I shall do a brief content review because you did take the time to
make a patch.
I have explained *at length* why I disagree with your approach. I
shall briefly outline those arguemnts once more. I have already stated
I do not wish to discuss this futher as you simply will not accept my
arguments, this review/summary is provided as a pure courtesy.

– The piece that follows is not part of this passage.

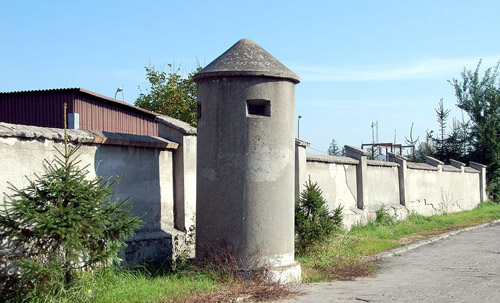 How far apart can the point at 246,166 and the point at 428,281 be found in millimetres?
3599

We have made extensive efforts to streamline the data flow through the
browser in the recent past, starting with jmb implementing the low
level cache, us making the fetcher interface less troublesome and
culminating in the ongoing content handler refactor. I say this as you
seem to think this ongoing work is directed at you personally soemhow.
Curl
----
We have come to understand that the curl library simply should not be
relied upon beyond its http/https implementations. We have implemented
fetchers directly for things like file: explicitly.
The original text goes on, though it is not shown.